Social Work FAQs
What is social work?
Social workers help to maximize and maintain individual, family, group, and community functioning. Social work has its own body of knowledge, philosophy, values and ethics. It views people holistically, as products of their biology, psychology, and environment. A social worker might work with an individual to help improve his/her functioning, might advocate to improve conditions in a community, might work on legislative lobbying efforts on behalf of a client group.
Social work offers a great variety of job opportunities and job settings. Social workers work in mental health agencies, child welfare agencies, schools, hospitals, research settings, community agencies, federal, local and state government, advocacy groups, nursing homes, employee assistance programs, colleges and universities, private practice, outpatient clinics, HMOs, group homes, and many other settings.
Bachelor level social workers are prepared for generalist practice. They might:
- Counsel rape victims, crime victims
- Work with foster families and foster children
- Provide crisis intervention services
- Provide information referrals, and coordination of resources for individuals and families to obtain resources they need or to make decisions about family members or life transitions (obtain meals on wheels so someone can live independently, help children with special needs obtain in-home tutoring or assistance with transportation)

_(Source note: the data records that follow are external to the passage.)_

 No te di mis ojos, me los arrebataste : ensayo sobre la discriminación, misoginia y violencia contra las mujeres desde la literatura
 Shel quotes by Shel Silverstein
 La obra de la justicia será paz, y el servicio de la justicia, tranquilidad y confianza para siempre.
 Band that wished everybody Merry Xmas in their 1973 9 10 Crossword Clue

- Work with troubled children and their families
- Work with communities or neighborhoods to assess needs and develop resources to meet those needs (help establish a playground, or community program for seniors, for instance)

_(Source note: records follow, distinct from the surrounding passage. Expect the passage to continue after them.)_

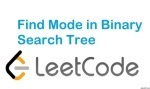 Find Mode in Binary Search Tree - Tree - Easy - LeetCode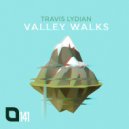 Travis Lydian - Valley Walks
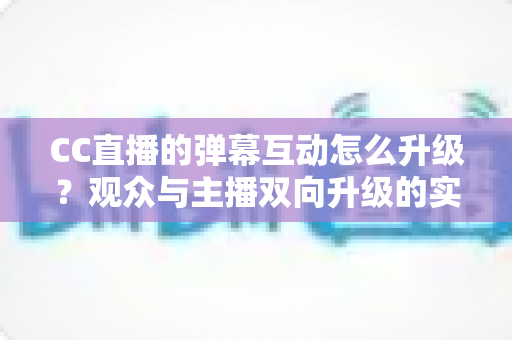 CC直播的弹幕互动怎么升级?观众与主播双向升级的实战全攻略 CC直播的弹幕互动怎么升级?观众与主播双向升级的实战全攻略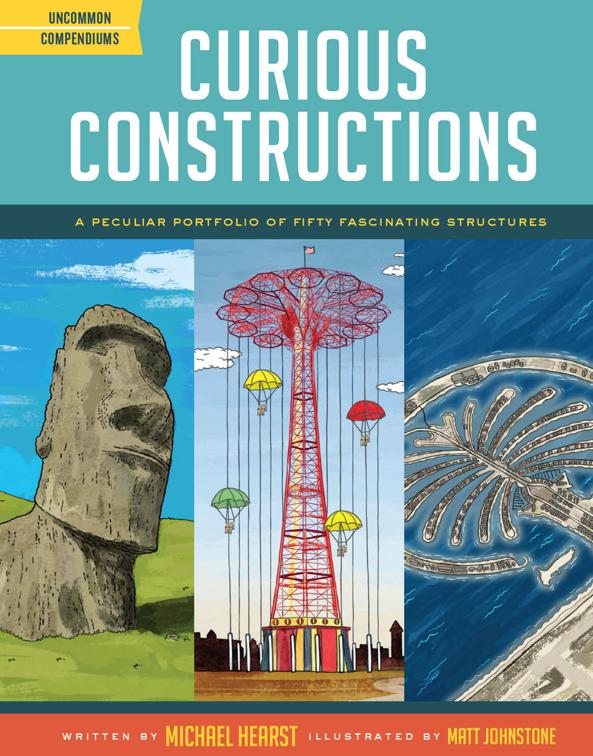 Curious Constructions, Uncommon Compendiums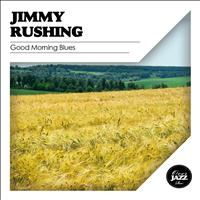 Jimmy Rushing - Good Morning Blues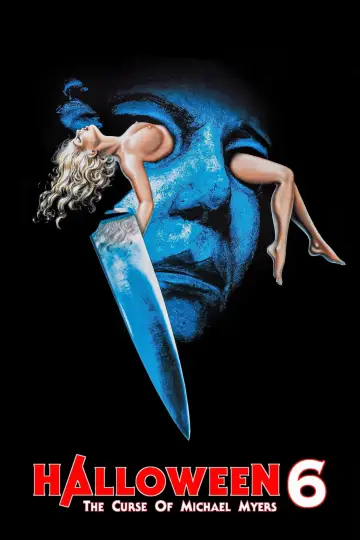 Plakat do filmu "Halloween VI: Przekleństwo Michaela Myersa" #875292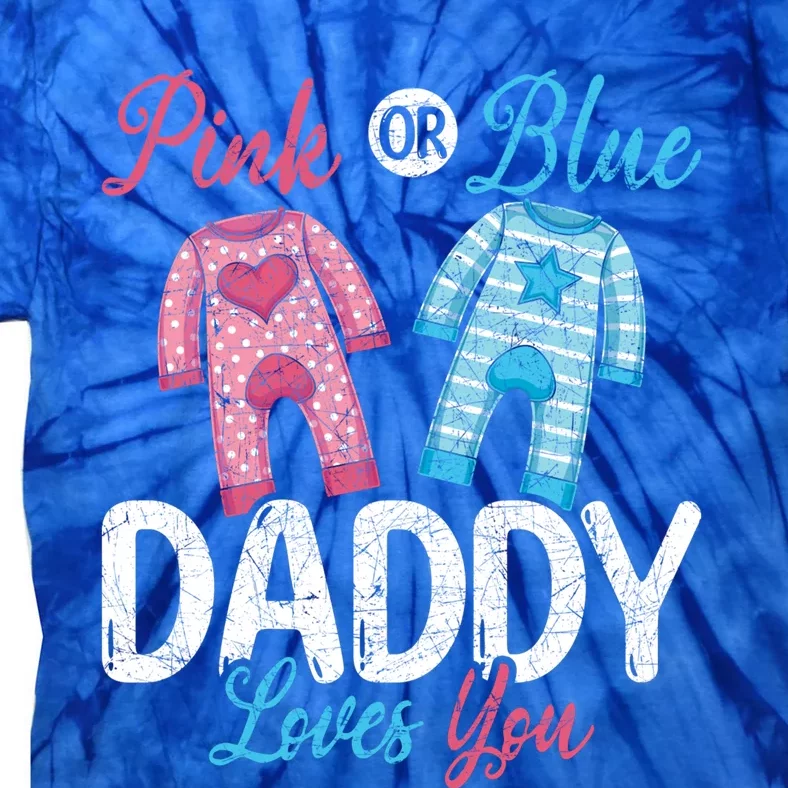 Future Dad Pink Or Blue Daddy Loves You Gender Reveal Gift Tie-Dye T-Shirt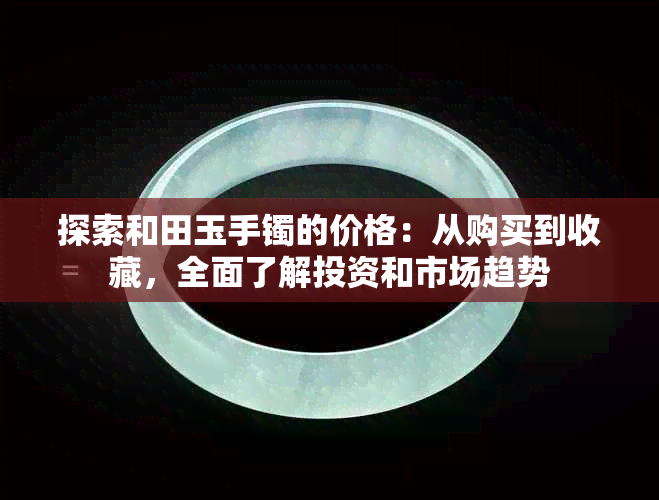 探索和田玉手镯的价格：从购买到收藏，全面了解投资和市场趋势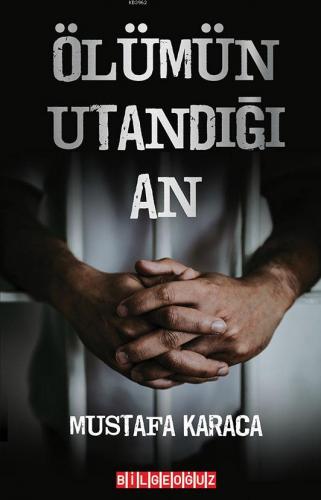 Ölümün Utandığı An | Mustafa Karaca | Bilge Oğuz Yayınları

- Do intake, assessment, and/or research at mental health centers.
Many employers report that they prefer to hire BSWs over applicants with other undergraduate degrees for social service jobs. BSWs bring specific professional skills, knowledge, and values to the agencies in which they work.
A BSW prepares you for graduate school in social work (many give advanced standing to students who hold BSWs), psychology, or any social science. BSWs have gone on to law school, medical school, and into many other fields.
- If you want to be prepared for a profession when you graduate, consider a BSW.
- If you want to explore whether you might like some aspect of human services as a career choice before going to graduate school, consider a BSW.
- If you want to go graduate school in social work, definitely consider a BSW.
Why social work at Chatham?
Our faculty bring a variety of professional interests and experience to their teaching. They all bring “real-life” experience working as social workers to their teaching. We also bring practicing social workers from the community to the College as guest lecturers and adjunct faculty.
With small classes, you will work closely with the social work faculty as you develop knowledge and skills in a way that is tailored to your interests and needs. Your input and involvement is very important to our program. As with all Chatham faculty, the social work faculty members are accessible, approachable, and available to students.
A BSW student at Chatham does a 12-credit field placement in her senior year, working under the supervision of a master’s level person. Our Field Director makes several visits each semester to field placements. She works closely with both the student and the field supervisor to ensure that the student develops professional knowledge and skills. During weekly seminars with the social work faculty, the field experience is integrated with classroom learning.
Preparation for professional social work practice necessitates a broad range of courses. Accreditation requirements preclude interdisciplinary majors. There is no social work minor. A student interested in the social work major is advised to meet with a member of the faculty early in her academic career to develop a course sequence plan.